Their lawyers are now taking a page from corrupt pols Sheldon Silver and Dean Skelos’ playbook to get the case dismissed.
In June, the Supreme Court voted to vacate former Virginia Gov. Bob McDonnell’s 2014 corruption conviction for allegedly accepting $175,000 in goodies and loans from an entrepreneur — and then scheduling sit-downs on his behalf.
The justices reasoned arranging meetings doesn’t constitute the type of “official act” that equates to bribery.
A lawyer for Silver, who was convicted in November on seven corruption counts, told an appeals court earlier this month the disgraced ex-state Assembly speaker also didn’t make any “official act” under the McDonnell ruling.

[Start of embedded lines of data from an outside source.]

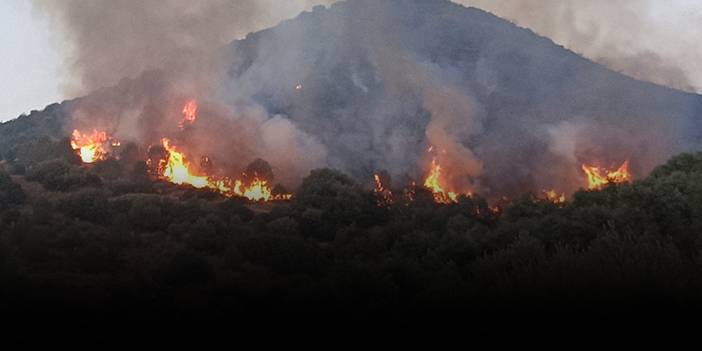 İzmir'in ciğerleri yandı!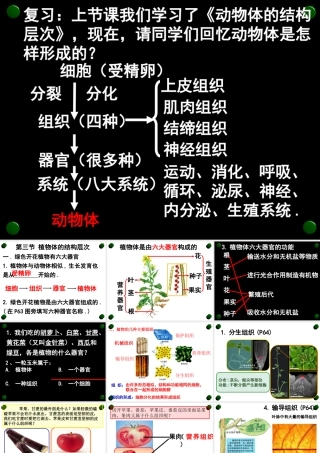 第三节植物体的结构层次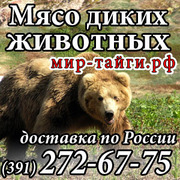 Продам дичь птицы,  мясо дичь Красноярск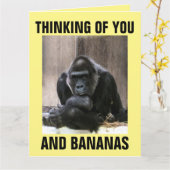 GORILLA DENKT, DASS DU GREETING CARDS GIBT KARTE (Gelbe Blume)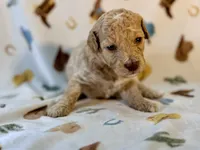 Girl6, a female Poodle - Miniature  for sale in Houston, TX – 2 of 3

The lawyer, Steven Molo, argued that finding jobs for cronies’ kids and setting up meetings — part of the prosecution’s case against Silver — didn’t constitute a “formal exercise of governmental power.”
Skelos and his son Adam were convicted in December of bribery, extortion and conspiracy charges, are also appealing on similar grounds.
During a hearing Friday, lawyers for Reichberg, Grant, and Harrington told Judge Gregory Woods the allegations against their clients didn’t meet the stricter standard of “official act outlined in the U.S. Supreme Court decision.”
Susan Necheles, Reichberg’s lawyer, argued the allegations against the men were too broad to draw a clear and distinct quid-pro-quo.
Deputy Chief Michael Harrington is seen leaving his arraignment in Manhattan Federal Court.
(Alec Tabak/for New York Daily News)
“We believe there are real issues,” Necheles said.
Andrew Weinstein, who reps Harrington, said the allegations against the clients involved an ongoing exchange but again, no distinct relationship between gift giving and favor receiving.
“The acts as alleged do not constitute official acts … ” Weinstein said.
Prosecutor Martin Bell countered that the documents “contain numerous, specific official acts and benefits.”
“There is a very detailed complaint that we designed in the weeks after McDonnell,” Bell said.